##### Input data #####
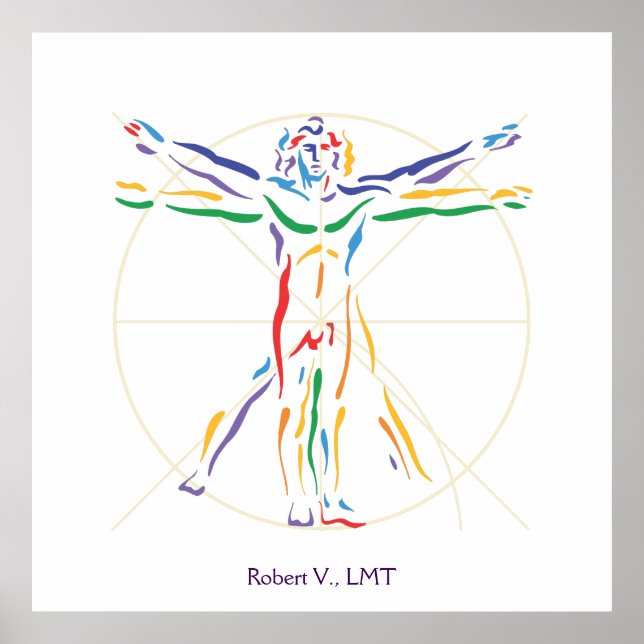 Poster DaVinci Vitruvian Man Chakra (Frente)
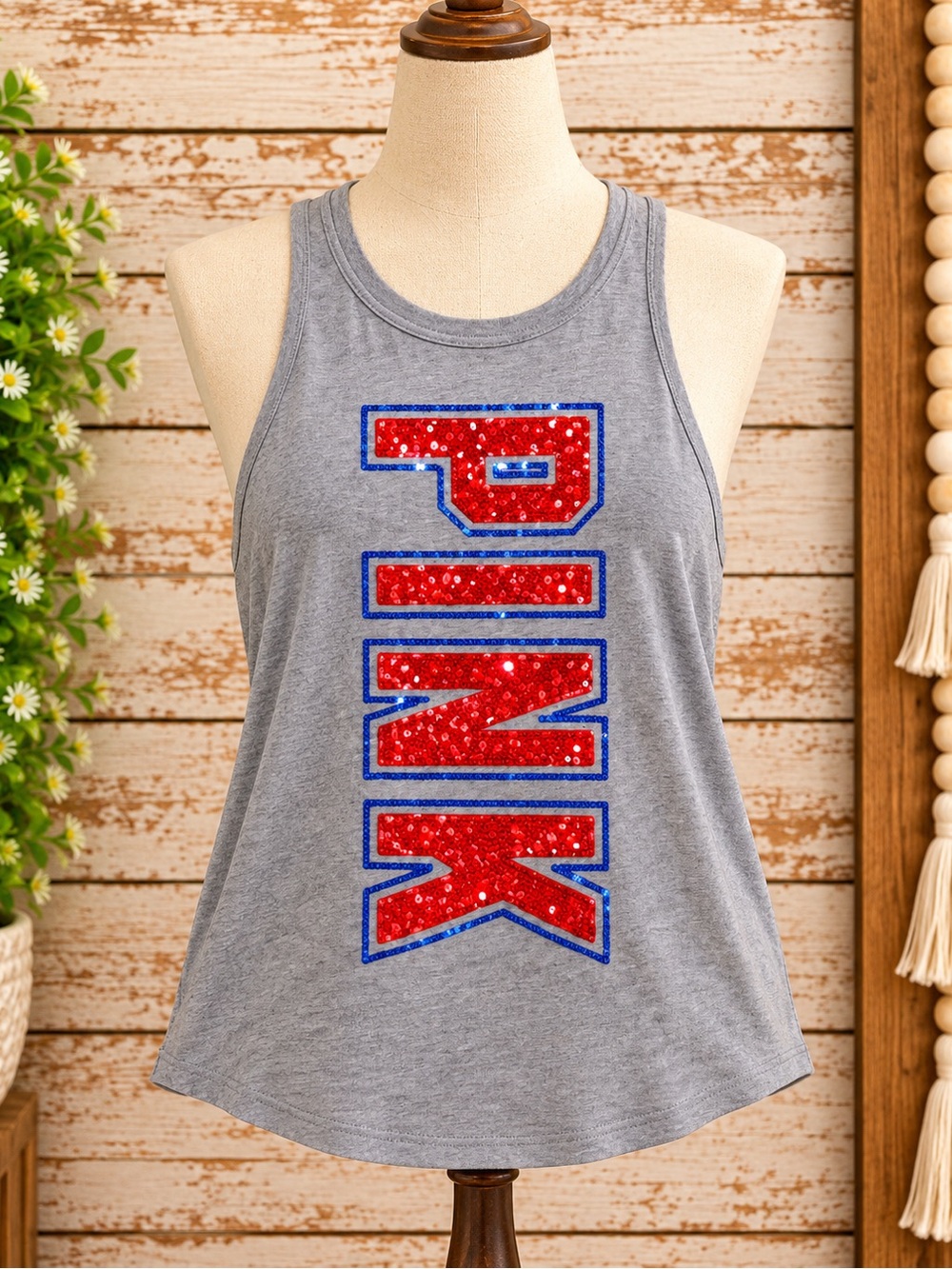Sequin PINK Graphic Tank Top - Women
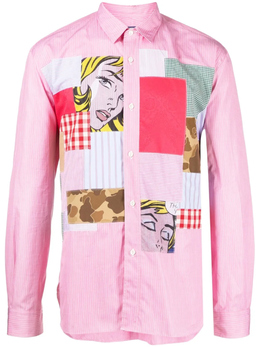 Junya Watanabe Man: Рубашка в стиле пэчворк 
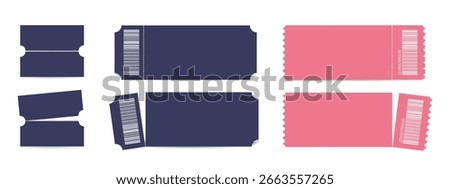  set of vector tickets. tear-off ticket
#####
#### Prompt
Would you please write out exactly the lines between the line containing "Sequin PINK Graphic Tank Top - Women" and the last line of the listing above, inclusive, without pictures?

#### Finished exercise
Sequin PINK Graphic Tank Top - Women
 Junya Watanabe Man: Рубашка в стиле пэчворк 
  set of vector tickets. tear-off ticket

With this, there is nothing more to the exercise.